Raina laughed, her green-gold eyes sparkling at him. As they came out of the theater, they found the day had become more overcast, but in a pleasant way. The breeze flirting along the sidewalk threatened an afternoon storm, but it was still far enough off that the pedestrian traffic could risk continued trawling.


“If you start giggling or having fits of melodrama, I’ll rush you to the doctor for a high-octane testosterone shot right away.” She sighed, did a twirl on the sidewalk. It sent a wave of sex demon energy floating in all directions. Mikhael’s spellwork had to work double time to zap it. At times the sexuality she exuded hit high peaks. As accomplished as he was, he had to stay on his toes to modulate it. Thinking about the power of the shields she put into her house to protect her staff and her clients, he didn’t wonder why she stayed close to home.


“I think you got doused the same way I did. But it looks good on you.”


She smiled, a mischievous gypsy temptress. She came back to his side to take his hand. “I admit, it did make me feel girlish and moony. I think that’s why the movies are so popular. Women lose that side of themselves over time; not a lot of chances to indulge it. Which is sad, because it’s more fun to indulge when you’re an adult. When you’re a teenager, the hormones can be pretty horrific and intense. So I heard.”


“Never experienced them yourself?”


“I was enslaved to a demon by then,” she commented dryly. “There wasn’t a lot of room for them. When they happened, they manifested as homicidal rage.”


He squeezed her hand. Then swung her behind him as a loud clattering disrupted the normal shopping noises. Locating the problem, he eased his hold. An outdoor display at a shop across the street had collapsed, sending inventory in all directions. Rubber balls with happy faces painted on them bounced into the street, hitting cars, rolling beneath them.


One safely reached their side, coming to a stop against the foundation of the blown glass shop.
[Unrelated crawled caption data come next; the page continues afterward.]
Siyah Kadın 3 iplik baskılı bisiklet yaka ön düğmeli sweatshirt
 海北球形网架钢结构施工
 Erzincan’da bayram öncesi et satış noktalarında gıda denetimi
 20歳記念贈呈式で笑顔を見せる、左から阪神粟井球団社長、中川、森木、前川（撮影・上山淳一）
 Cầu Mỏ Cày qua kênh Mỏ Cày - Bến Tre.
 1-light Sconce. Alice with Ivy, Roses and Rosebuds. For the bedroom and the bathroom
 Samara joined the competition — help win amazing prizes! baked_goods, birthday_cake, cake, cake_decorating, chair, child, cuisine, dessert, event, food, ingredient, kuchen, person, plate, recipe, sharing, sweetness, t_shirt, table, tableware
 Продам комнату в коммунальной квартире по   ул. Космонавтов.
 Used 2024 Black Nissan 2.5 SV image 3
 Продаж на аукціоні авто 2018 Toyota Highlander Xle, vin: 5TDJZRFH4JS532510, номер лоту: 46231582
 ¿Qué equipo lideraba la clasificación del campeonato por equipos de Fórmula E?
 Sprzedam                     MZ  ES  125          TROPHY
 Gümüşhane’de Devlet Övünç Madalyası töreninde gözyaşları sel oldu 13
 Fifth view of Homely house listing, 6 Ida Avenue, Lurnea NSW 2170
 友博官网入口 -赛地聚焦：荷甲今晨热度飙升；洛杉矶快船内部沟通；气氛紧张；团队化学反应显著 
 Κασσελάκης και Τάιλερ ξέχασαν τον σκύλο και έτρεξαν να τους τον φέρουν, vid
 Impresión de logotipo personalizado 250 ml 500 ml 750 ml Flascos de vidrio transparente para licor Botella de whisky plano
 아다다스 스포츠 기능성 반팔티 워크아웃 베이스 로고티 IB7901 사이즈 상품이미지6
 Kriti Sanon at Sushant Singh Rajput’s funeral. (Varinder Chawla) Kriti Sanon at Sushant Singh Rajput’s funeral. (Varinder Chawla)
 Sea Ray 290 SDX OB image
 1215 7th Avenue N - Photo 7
Raina retrieved it, then returned to his side. “My hero, protecting me from the invasion of misfit toys. Apparently, I’m going to get to introduce you to Ramona.”


Raina gestured toward the store. As he read the sign—Toys, Tea, Herbs and Magic—she grinned. “Come on. You’ll enjoy this.”


He guided her across the street, eyeing the cars that slowed while she gathered up balls. Since other pedestrians were helping as well, Raina expected the vehicles would have stopped regardless. However, whether his appearance was disguised or not, enough of his indomitable nature penetrated that no one dared even a mildly impatient expression, let alone a rudely blown horn.


She and Ruby had thought Ramona’s name for the store was too straightforward, but they’d been wrong. The amalgamation drew visitors and locals alike. Her witch friend was also an agent of chaos, so something fascinating was always happening within or without, like a collapsing display. As they came up on the curb, a dozen little kaleidoscope pinwheels were still spinning on the concrete. Mikhael helped her corral those, amusing her enough that she didn’t use a discreet burst of broom magic to sweep them up into a tidy pile.